Raw materials have to undergo “re-check” by our laboratory to ensure their absolute safety with a limitation of contaminated harmful microorganisms and heavy metals issued either by the Vietnam FDA or the US FDA.
Raw materials, after check-ups, will undergo a cleaning process to maximize time durability and to prevent germinating into “activated” vegetative cells during storage time.

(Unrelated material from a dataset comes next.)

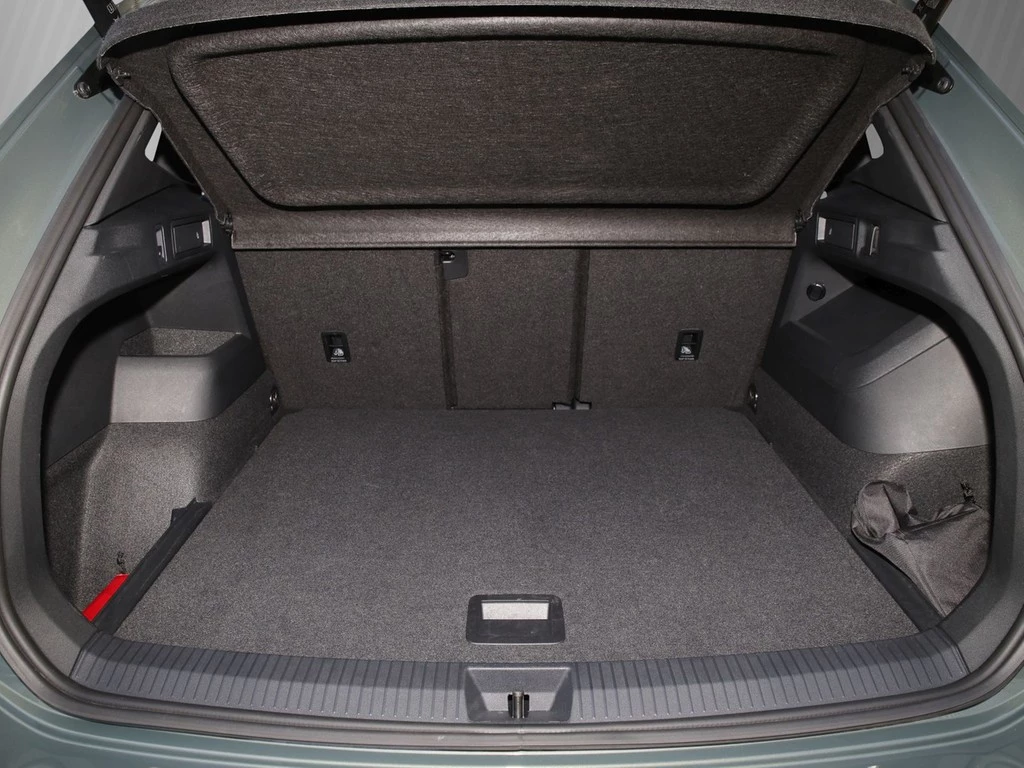 Volkswagen Tiguan 2.0 TDI DSG Goal AHK/Navi/RFK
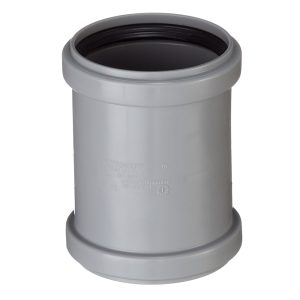 Изображение товара 684329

Our production lines and processes meet GMP standards, evaluated and appraised through the use of services by independent, capable and reputable organizations.
Before launching into the market, the quality of all our products is simultaneously controlled internally at the factory’s laboratory and independently at Eurofins laboratory and National Institute for Food Control. Ex-factory products are required to guarantee the United States Pharmacopeia <61> and meet standards for export globally.
As a professional marketer and distributor, LiveSpo Global and its member companies (LiveSpo Pharma Ltd., Anabio R&D Ltd.) archive all data from clinical trials and user feedback. We have collaborated with several central hospitals to conduct clinical trials for LiveSpo products, including COLON, CLAUSY, PREG-MOM, SOS(DIA30), NAVAX, and X-Secret. We closely follow the use of products by each patient and recognize all assessments of product effectiveness for users. The information provides our manufacturer with a foundation to make “micro-adjustments” towards more improvements in product quality and effectiveness.